La Gran Cabalgata del Carnaval de Las Palmas de Gran Canaria ha encendido una polémica que enfrenta dos realidades de la ciudad: el disfrute multitudinario de las fiestas y la actividad económica del Puerto. Mientras el sector de suministros a buques denuncia un parón que les ha costado pérdidas, el Consistorio defiende que avisó con tiempo y que todo se hizo según el manual.

La versión municipal: “Avisamos los días 24 y 26”

Fuentes oficiales del Ayuntamiento de Las Palmas de Gran Canaria han salido al paso de las críticas vertidas por las empresas radicadas en el polígono de El Sebadal. Según explican a Atlántico Hoy, los detalles sobre los cortes de tráfico y las restricciones derivadas del desfile del sábado 28 de febrero fueron comunicados al sector con varios días de margen, concretamente el 24 y el 26 de ese mismo mes. Se trataría, siempre según el Consistorio, del conducto habitual que se emplea para eventos de gran afluencia.

Para respaldar esta postura, el área de Movilidad ha hecho público un documento firmado el 23 de febrero por el concejal del ramo, José Eduardo Ramírez, y un técnico municipal. Dicho papel recoge las autorizaciones de tráfico necesarias para que la Cabalgata discurriera sin incidentes.

Un dispositivo de seguridad que cerró El Sebadal

El citado informe municipal detalla un operativo de calado para garantizar la seguridad de una cita que reúne a decenas de miles de almas. Entre las medidas más restrictivas figuraba el cierre total de varias arterias desde las 07:00 y hasta las 22:30 horas del sábado, así como otros cortes que se estiraron hasta bien entrada la madrugada del domingo.

El plan también incluía desalojos de aparcamientos desde la noche del viernes 27 y afectaba a vías clave del barrio de La Isleta y su entorno portuario. Calles como Sao Paulo, Oruro, Doctor Juan Domínguez Pérez o Profesor Lozano, que son las principales puertas de entrada al polígono industrial de El Sebadal, se vieron seriamente restringidas. Zonas como Belén María o los aledaños de La Naval también sufrieron modificaciones en su circulación para absorber el torrente humano del desfile.

La queja empresarial: “Se paralizó la actividad por completo”

Este despliegue, sin embargo, ha chocado de frente con los intereses de las empresas que dan servicio a los barcos. La asociación Provicanarias y la federación Oneport Canarias han alzado la voz para denunciar lo que consideran un bloqueo injustificado. Según su relato, el acceso a El Sebadal quedó totalmente prohibido desde las 08:00 horas, algo que, aseguran, no había ocurrido antes en una jornada de Carnaval.

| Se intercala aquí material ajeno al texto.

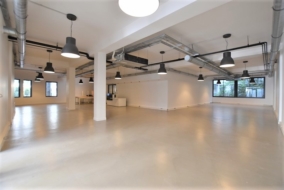 Bureaux de 220 m² à vendre - ref:10314152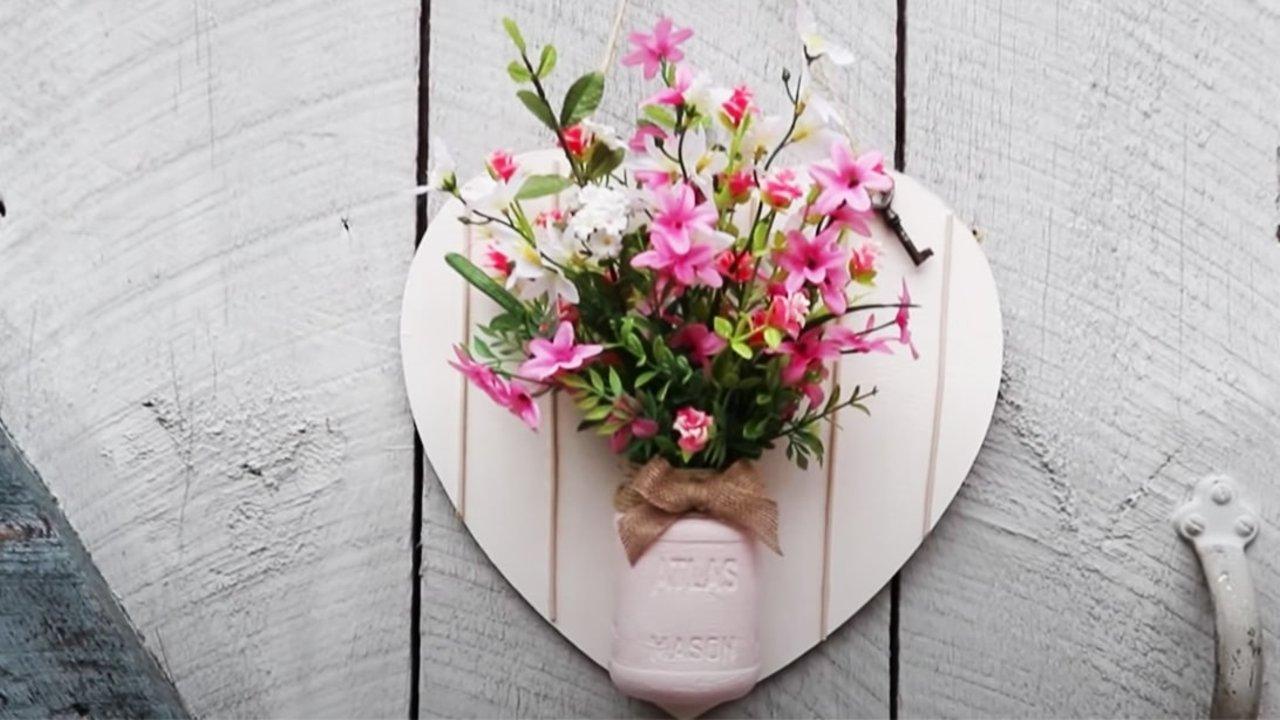 3 Dollar Tree DIY Valentines Day Wreath Ideas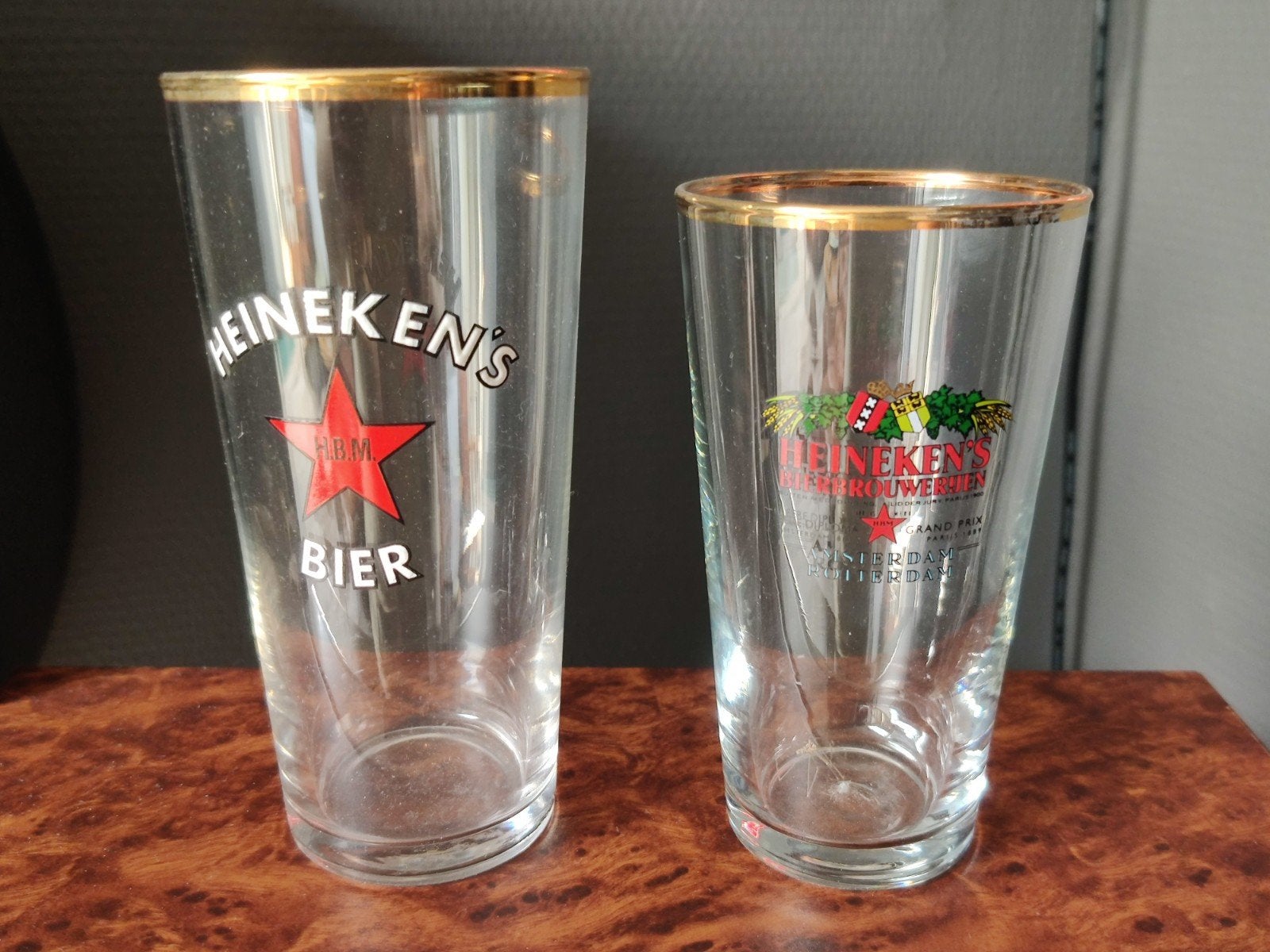 Te koop: 2 oude Heineken bierglazen met gouden rand, Ophalen of Verzenden, Zo goed als nieuw, Bierglas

Las consecuencias, en su opinión, han sido nefastas: pérdidas económicas tangibles y problemas operativos con armadores internacionales que vieron interrumpidos sus suministros justo en el momento de atracar en el Puerto de Las Palmas. Además, el sector advierte de un posible daño reputacional, ya que la fiabilidad y la capacidad de respuesta son argumentos de peso para que los grandes buques elijan la Isleta como base en el Atlántico.

Un debate abierto

El cruce de versiones deja sobre la mesa una cuestión de fondo: ¿es posible engrasar la maquinaria para que la ciudad pueda disfrutar de sus fiestas multitudinarias sin frenar en seco la actividad de un enclave estratégico como el Puerto? El Ayuntamiento sostiene que cumplió con los plazos y los procedimientos. El sector logístico, por su parte, reclama soluciones para que el próximo año la Cabalgata y los suministros puedan convivir sin que uno acabe atropellando al otro.